It’s Sunday evening, and I’m in my office at Broadway, just finishing off the draft of ‘Mum and Dad’ ready to send off tomorrow. It’s the first time I’ve been in the building for months when I haven’t had to make my way through a corridor of scaffolding, dangling wires and builders to get to the office, or try and work against a backdrop of drilling, banging and impromptu tests of the new PA system.
They’ve been redeveloping Broadway, putting in a couple of new screens and some new offices and I’m sure it’s all going to look great. But it has been pretty difficult to concentrate for a lot of the time. Not that I’ve had the opportunity to let that bother me – since I got back off holiday I’ve been working like a demon to get this script done – averaging something stupid like 9 pages of script a day. Today was the first time I actually got the chance to read the whole thing through (although Lisa, my producer for this project has been great at reading the drafts-so-far). I think it’s turned out okay – yeah, in places it reads like it needs work, but I think the structure and the basic characters are there. I also don’t know how much of a chance we would have to develop the script if we were commissioned – it sounds as though Film London really want to get a move on with these projects and get them shot in the next few months.

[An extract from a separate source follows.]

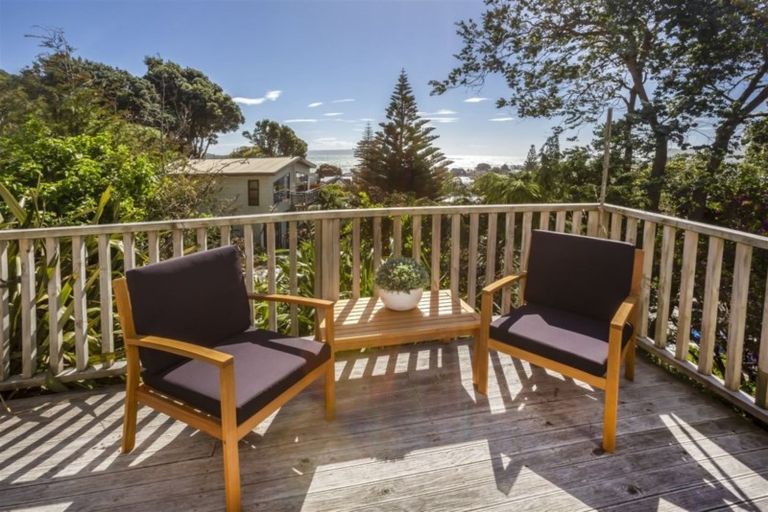 Photo of property in 14 Grays Road, Plimmerton, Porirua, 5026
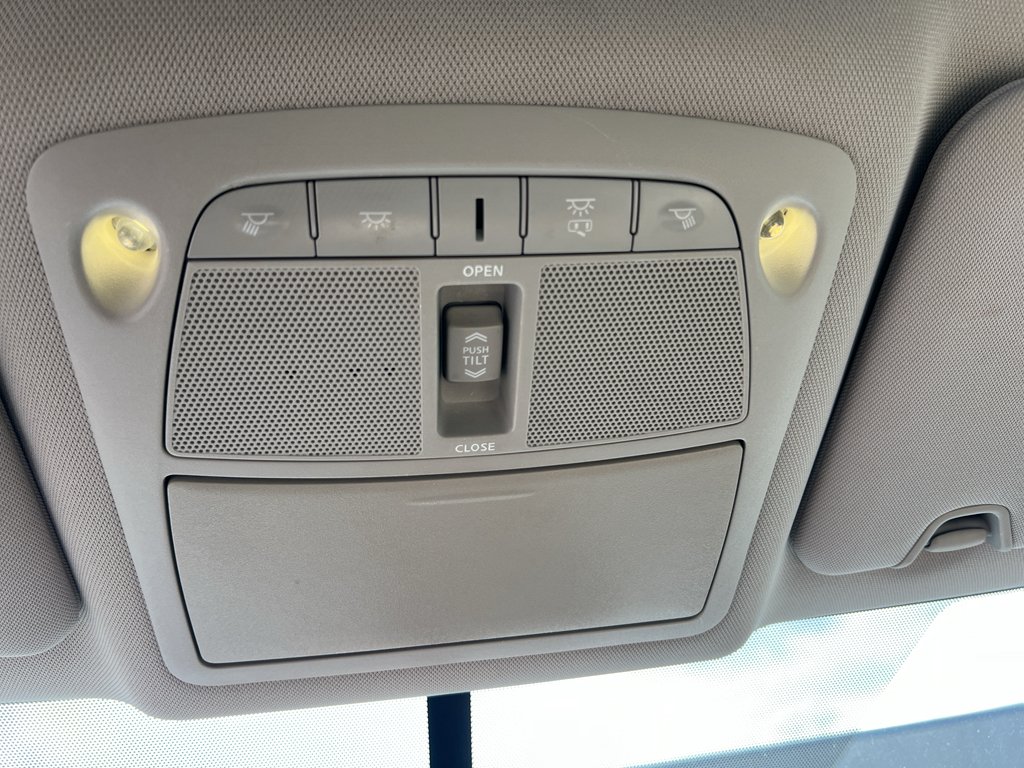 Used 2015 Arctic Blue Metallic Nissan SL image 21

It’s a weird thing, having to put so much thought and effort into visualizing the finished film – it’s what always happens, funders want you to make the film as much as possible on paper before they’ll let you actually make it – because at the back of your mind you’re always acutely aware that the more you invest in it – in terms of time and effort and slices of your soul – the bigger a disappointment you are priming yourself for. And yet, to hold back from putting in that amount of effort would only damage your chances more. It’s like running at a door that has a one-in-three chance of being made of paper, with a soft mattress behind it, and a two-in-three chance of having a large boxing glove on a spring at crotch height. The faster you run, the better or worse it’ll be.
Enough daft metaphors – that’s what spending too much time in your head does to you. At least I’ve got another feature script, however rough, which is something I didn’t have a month ago. Think positive.